Post by Generic Default »

I've always wanted to have a multi-extruder printer so I can print parts with over-molding. Over-molding is typically a layer of rubbery or elastic material on top of a base plastic. Your toothbrush is probably polypropylene with an elastomer over-molded onto it for an ergonomic grip. There are a few elastomer filaments on the market right now but they're rediculously expensive. My idea is to extrude hot glue sticks from larger individual sticks into a single, continuous filament for 1.75mm or 3mm 3d printers.
hot glue stick extruder.jpg
In the above cross section render, the glue stick is placed in a PTFE guide where it is pushed through a brass/copper/aluminum heating die to reduce the diameter. It squirts out of the die into another PTFE tube where it cools. The front PTFE piece also prevents diameter inconsistencies that would happen if the hot glue was extruded into open air. The sticks can be fed by hand, or possibly by pinch wheel gears for an automated process. If it works out with individual sticks, a hopper could gravity feed sticks into the PTFE guide where they would be pinch-pushed through the die for continuous extrusion.
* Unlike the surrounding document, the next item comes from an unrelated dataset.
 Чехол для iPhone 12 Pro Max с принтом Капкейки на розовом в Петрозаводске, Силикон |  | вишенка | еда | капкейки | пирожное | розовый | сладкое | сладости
I only have a basic render right now because the design obviously needs to be improved for thermal efficiency and stuff. I'm considering putting an aluminum heat sink around the front PTFE piece to keep it cool during extended use.


So, what do you guys think about this? Plausible, or is there some reason this wont work at all.






It's just an idea for now, but I'll be getting a lathe and mill in a few weeks. Then I can prototype this.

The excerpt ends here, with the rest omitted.